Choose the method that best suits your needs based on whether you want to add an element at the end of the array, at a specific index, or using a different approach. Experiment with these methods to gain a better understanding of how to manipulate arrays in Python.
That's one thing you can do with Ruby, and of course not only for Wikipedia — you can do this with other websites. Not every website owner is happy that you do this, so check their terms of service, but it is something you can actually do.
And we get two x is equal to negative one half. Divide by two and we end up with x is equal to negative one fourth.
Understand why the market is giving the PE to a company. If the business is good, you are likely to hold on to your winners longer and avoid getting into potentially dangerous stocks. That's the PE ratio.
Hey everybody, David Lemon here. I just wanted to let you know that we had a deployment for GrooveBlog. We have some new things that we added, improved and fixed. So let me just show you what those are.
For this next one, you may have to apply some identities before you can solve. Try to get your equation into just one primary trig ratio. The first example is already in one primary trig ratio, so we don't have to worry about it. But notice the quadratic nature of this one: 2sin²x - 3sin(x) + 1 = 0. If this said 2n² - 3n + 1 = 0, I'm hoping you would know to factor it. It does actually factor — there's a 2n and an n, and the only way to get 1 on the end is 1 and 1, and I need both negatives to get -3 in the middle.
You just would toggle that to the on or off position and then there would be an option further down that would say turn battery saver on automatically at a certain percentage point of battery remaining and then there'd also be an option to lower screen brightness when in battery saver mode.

---

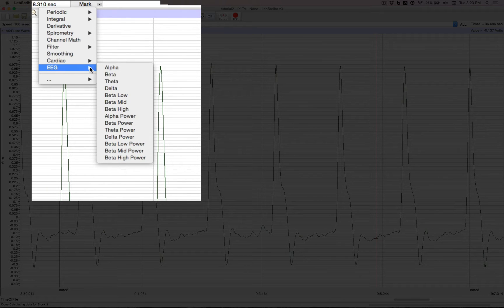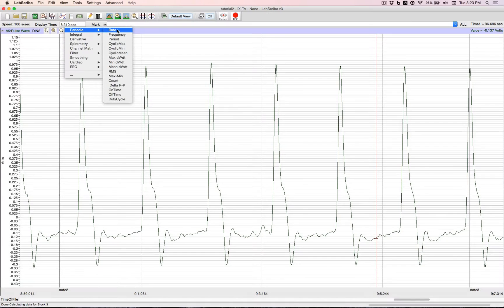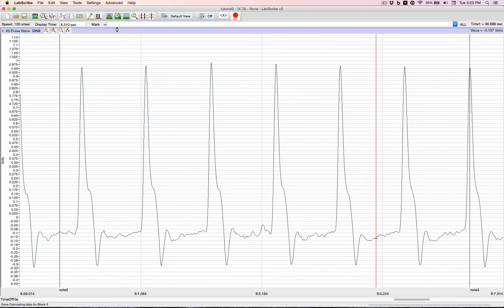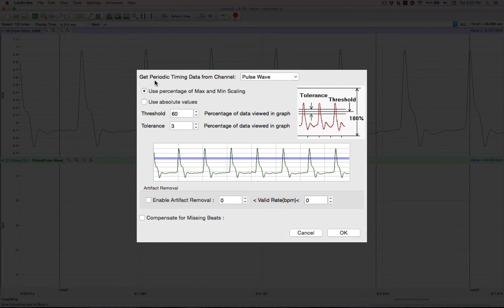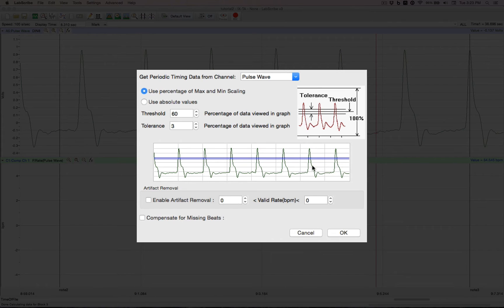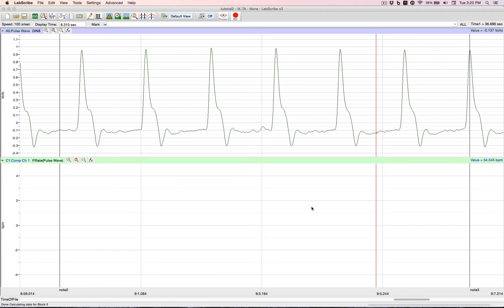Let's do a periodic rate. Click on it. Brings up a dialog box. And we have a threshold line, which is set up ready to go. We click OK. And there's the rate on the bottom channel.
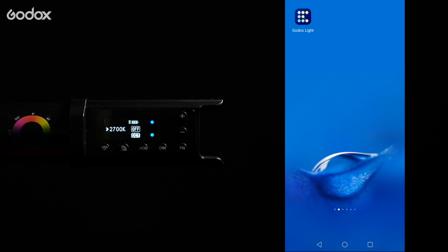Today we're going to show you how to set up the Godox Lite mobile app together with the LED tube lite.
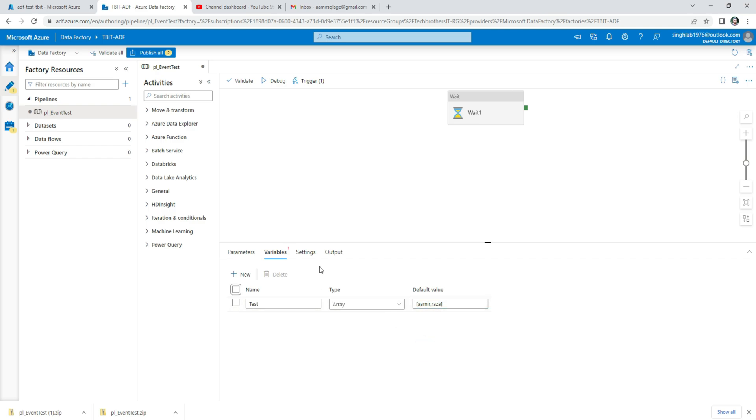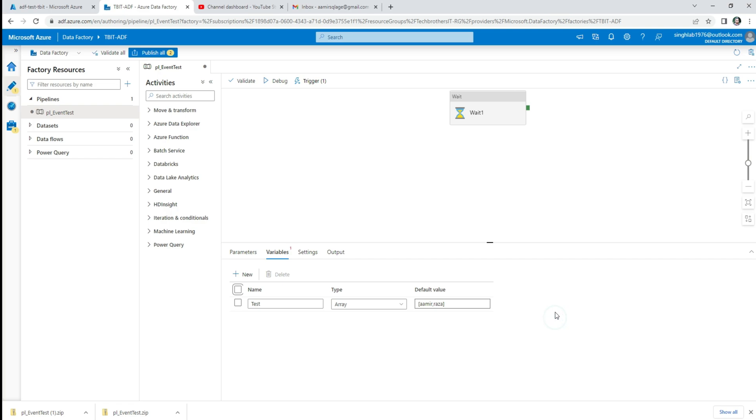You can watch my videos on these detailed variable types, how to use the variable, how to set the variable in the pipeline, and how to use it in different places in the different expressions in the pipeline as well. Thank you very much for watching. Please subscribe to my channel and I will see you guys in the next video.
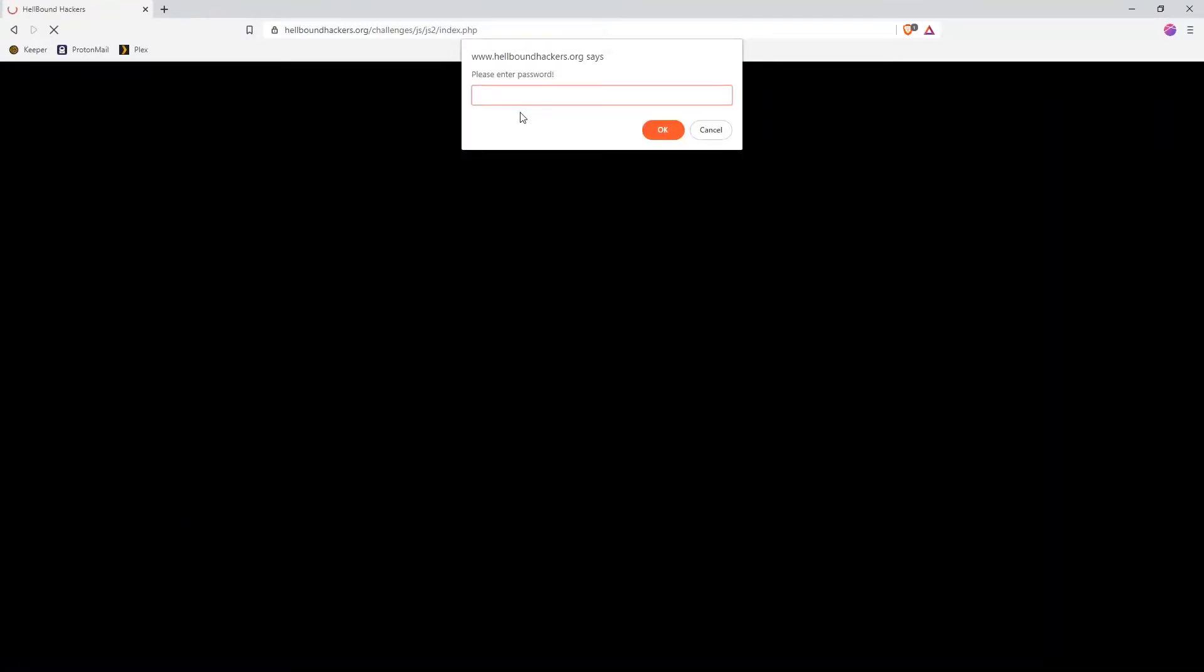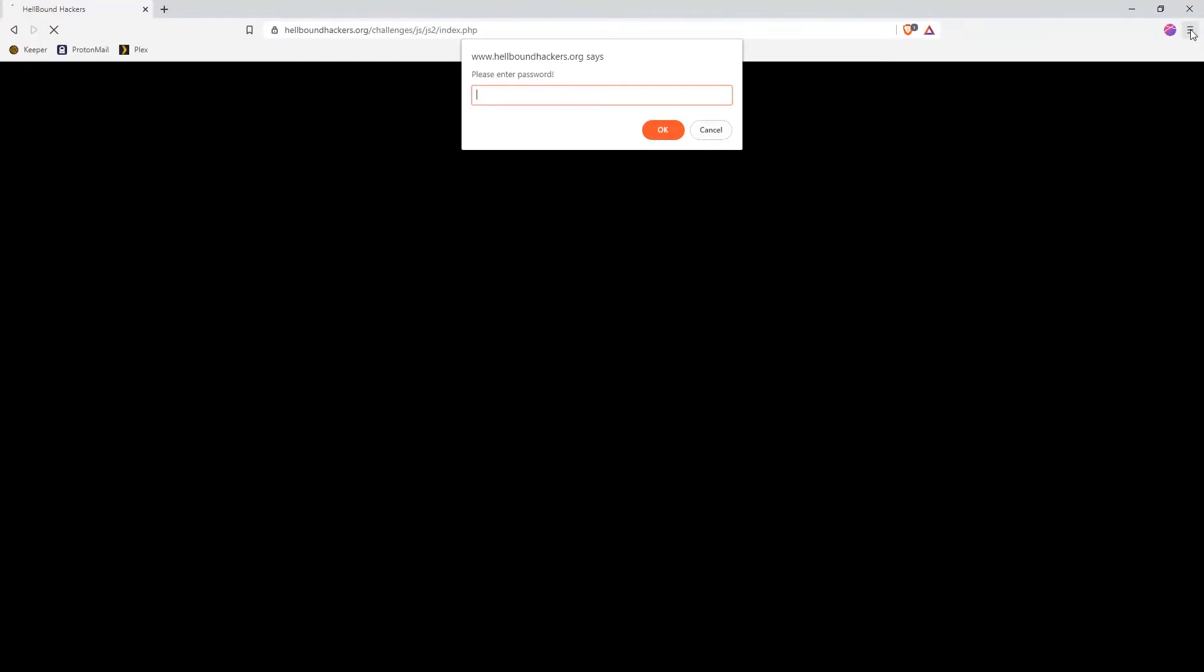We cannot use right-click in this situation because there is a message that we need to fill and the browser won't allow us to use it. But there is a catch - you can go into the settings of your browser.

* [What you need to do]:
Once the line with "Let's do a periodic" has been found above, output that line and every later line exactly, stopping after the line with "Today we're going", and omit the pictures.

* [Your solution]:
Let's do a periodic rate. Click on it. Brings up a dialog box. And we have a threshold line, which is set up ready to go. We click OK. And there's the rate on the bottom channel.
Today we're going to show you how to set up the Godox Lite mobile app together with the LED tube lite.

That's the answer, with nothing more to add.